Glad to see H’s visit started out nicely. How long is he planning on staying?
Indifference, that feeling of nothing, is a weird place. Detachment uncoupled your emotional responses from H’s emotions and actions. Indifference attenuates your emotions regarding H; attenuates, lessens, not erased. In that void of the somewhat numbness toward H, other feelings will look larger than they really are. Something to consider while walking your path. This flows directly into finding, fixing, and following our beliefs and values.
Next Saturday’s lunch invitation. You got an invitation, did H as well? Either way, gently, maybe during lunch, tell him you are going. You are living/visiting under the same roof. Approach it like he is going to say yes. As if that is how it will be. Most times we can lead - gently - by just approaching things clearly without the vagueness. Don’t worry, if H says he is not going, change gears and continue going forward.
Indifference. There is no need to walk on eggshells. He is there, talk to him face to face. A text message - which has valid uses especially when not immediately in person - while in the same household presents one of two different views.
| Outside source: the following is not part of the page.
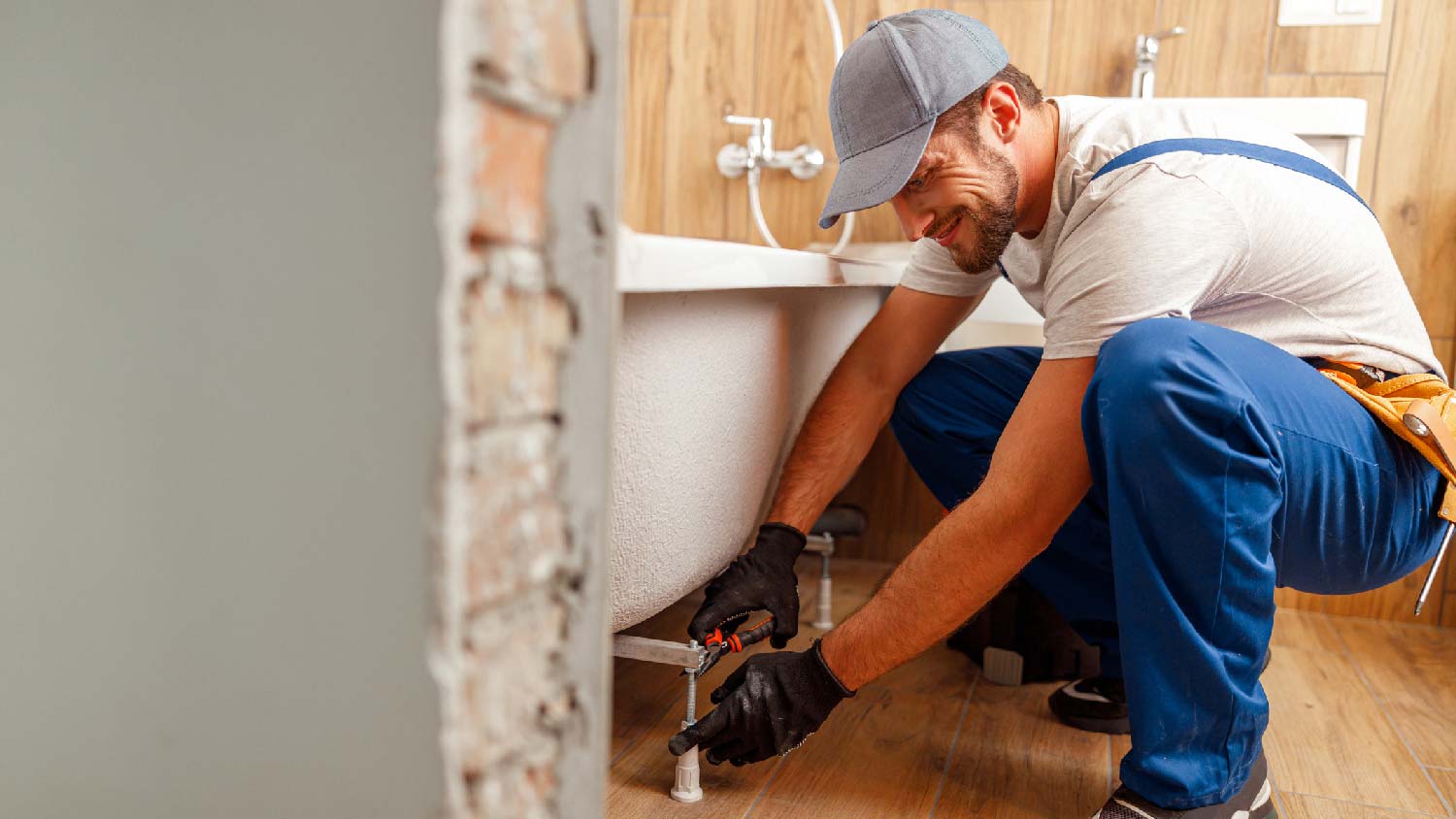 A professional installing a bathtub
First is that you are timid and do not want to upset him or rock the boat. The second view, has such a message looking passive aggressive, like something a teenager would do; text from the living room so they don’t have to talk to you.
Neither of those is what you want to portrait. And neither is the actual case. So talk to him. If he doesn’t like it, fine go on the visit without knowing what he is doing. Remember, H wanted to stay at the house during his visit. And he is currently being pleasant. No need to borrow trouble.
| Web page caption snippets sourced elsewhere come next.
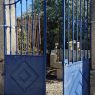 Ancien portail peint en bleu en fer forgé riveté à deux vantaux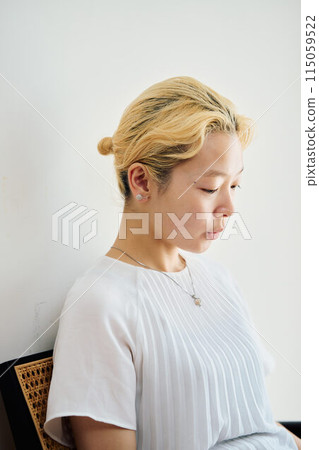 A woman working at home at home A woman working at home at home 115059522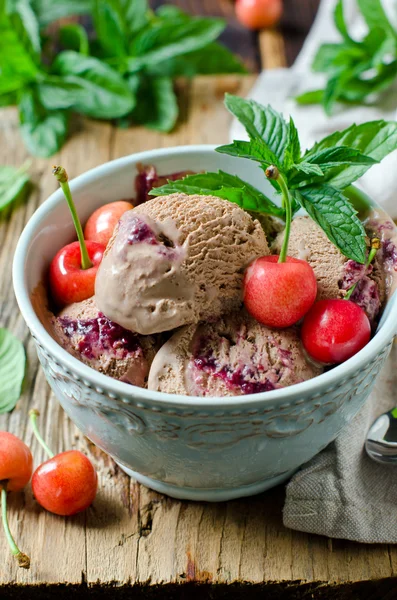 Čokoládová zmrzlina s cherry v misce na dřevěný stůl — Stock fotografie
The divorce discussion is along the same lines. H chose to visit under the same roof; the ideal place and time to discuss certain items. You want to proceed with obtaining financial security and protection, from last we discussed. Unless your view has changed, proceed.
Of course, not at the same time as the visiting discussion; H and pressure do not mix. Lol. These two items are needed discussions and not relationship talks. Keep emotions out of it. Find your indifference and be mostly business-like. And one can be compassionate and kind, while getting business done.
I’m sure you will do fine.
And glad to see you so happy!
D
Feelings are fleeting. Be better, not bitter. Love the person, forgive the sin.